13.       FINAL FINDINGS: -

The Authority after considering the foregoing, concludes that:

(a)        Aniline originating in or exported from Japan and USA has been exported to India below normal value, resulting in dumping;

(b)        the domestic industry has suffered injury;

(c)        injury has been caused by imports from the subject country.

14.       The Authority recommends imposition of definitive Anti-dumping duty on all imports of Aniline falling under customs sub-heading no. 2921.41. of the Customs Tariff Act as specified under the para relating to product under consideration originating in or exported from Japan and USA. The anti-dumping duty shall be amount mentioned in Col.3.

Country                                    Name of the producer/exporter                         Amount

1.                                                                     2.                                             3. (USD/kg).
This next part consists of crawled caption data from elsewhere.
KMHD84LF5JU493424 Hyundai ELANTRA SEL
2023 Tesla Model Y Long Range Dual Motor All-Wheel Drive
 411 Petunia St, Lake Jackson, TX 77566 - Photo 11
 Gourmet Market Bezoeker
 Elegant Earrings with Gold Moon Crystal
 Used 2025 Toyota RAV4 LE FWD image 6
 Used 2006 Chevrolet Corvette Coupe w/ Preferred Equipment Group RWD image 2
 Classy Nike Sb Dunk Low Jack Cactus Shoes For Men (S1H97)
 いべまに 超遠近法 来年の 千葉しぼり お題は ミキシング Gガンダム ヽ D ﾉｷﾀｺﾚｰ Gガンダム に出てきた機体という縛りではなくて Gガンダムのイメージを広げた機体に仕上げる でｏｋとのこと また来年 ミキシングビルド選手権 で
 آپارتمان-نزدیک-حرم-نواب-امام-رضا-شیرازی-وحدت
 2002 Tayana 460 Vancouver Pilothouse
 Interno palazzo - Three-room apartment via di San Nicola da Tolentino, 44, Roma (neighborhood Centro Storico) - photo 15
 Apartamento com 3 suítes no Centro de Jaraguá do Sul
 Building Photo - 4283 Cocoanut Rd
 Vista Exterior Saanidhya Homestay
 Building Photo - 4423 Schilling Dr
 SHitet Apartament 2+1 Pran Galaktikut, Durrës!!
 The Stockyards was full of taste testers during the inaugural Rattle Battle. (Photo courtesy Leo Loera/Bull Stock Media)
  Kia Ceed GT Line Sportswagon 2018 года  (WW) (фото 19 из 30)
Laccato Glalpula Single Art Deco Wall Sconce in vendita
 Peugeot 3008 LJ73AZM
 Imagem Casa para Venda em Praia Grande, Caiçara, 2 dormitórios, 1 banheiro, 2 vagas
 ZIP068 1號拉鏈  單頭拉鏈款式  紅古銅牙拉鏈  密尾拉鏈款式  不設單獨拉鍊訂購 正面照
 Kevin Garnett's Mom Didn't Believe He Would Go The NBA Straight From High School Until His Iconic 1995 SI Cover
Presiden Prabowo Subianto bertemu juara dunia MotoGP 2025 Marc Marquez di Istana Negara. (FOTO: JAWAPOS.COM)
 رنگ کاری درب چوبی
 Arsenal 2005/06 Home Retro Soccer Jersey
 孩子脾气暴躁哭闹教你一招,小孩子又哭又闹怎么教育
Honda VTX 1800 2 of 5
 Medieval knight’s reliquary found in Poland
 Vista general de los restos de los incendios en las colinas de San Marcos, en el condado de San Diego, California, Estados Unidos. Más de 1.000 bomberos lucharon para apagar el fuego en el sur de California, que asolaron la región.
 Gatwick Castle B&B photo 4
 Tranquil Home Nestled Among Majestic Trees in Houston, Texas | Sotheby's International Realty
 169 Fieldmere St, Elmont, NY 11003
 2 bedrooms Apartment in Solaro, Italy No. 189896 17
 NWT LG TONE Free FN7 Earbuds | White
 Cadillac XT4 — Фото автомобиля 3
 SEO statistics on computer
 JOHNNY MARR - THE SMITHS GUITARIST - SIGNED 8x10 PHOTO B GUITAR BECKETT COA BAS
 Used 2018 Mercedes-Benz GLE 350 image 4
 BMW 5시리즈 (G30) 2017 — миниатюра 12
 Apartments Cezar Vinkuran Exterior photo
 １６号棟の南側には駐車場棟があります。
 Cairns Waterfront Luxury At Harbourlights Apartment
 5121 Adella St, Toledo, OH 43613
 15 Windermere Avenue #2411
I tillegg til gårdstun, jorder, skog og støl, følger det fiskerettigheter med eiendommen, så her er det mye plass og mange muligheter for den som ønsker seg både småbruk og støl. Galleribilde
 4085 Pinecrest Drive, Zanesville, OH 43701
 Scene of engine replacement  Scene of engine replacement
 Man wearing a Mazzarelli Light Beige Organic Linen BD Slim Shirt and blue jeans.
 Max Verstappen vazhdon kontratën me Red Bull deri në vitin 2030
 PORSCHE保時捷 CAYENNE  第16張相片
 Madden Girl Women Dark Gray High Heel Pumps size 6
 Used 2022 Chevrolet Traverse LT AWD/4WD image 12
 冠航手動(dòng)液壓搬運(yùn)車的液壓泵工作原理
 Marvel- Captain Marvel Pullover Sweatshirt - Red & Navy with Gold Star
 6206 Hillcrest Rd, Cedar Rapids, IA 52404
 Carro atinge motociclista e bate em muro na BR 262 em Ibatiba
Japan                           (a) Sumitomo Chemical Co. Ltd.                                   0.064

                                                (b) All other exporters                                      0.18

USA                            (a) M/s. E.I. duPont de Nemours & Co.                       0.20

                                                (b) All other exporters                                      0.20

15.       Landed value of imports for the purpose shall be the assessable value as determined by Customs under the Customs Act, 1962 and all duties of customs except duties levied under Sections 3, 3A, 8B, 9 and 9A of the Customs Tariff Act, 1975.

16.       Subject to the above, the Authority confirms the preliminary findings dated 8th March, 2000

           

17.       An appeal against this order shall lie before the Customs, Excite and Gold (Control) Appellate Tribunal in accordance with the Act, supra.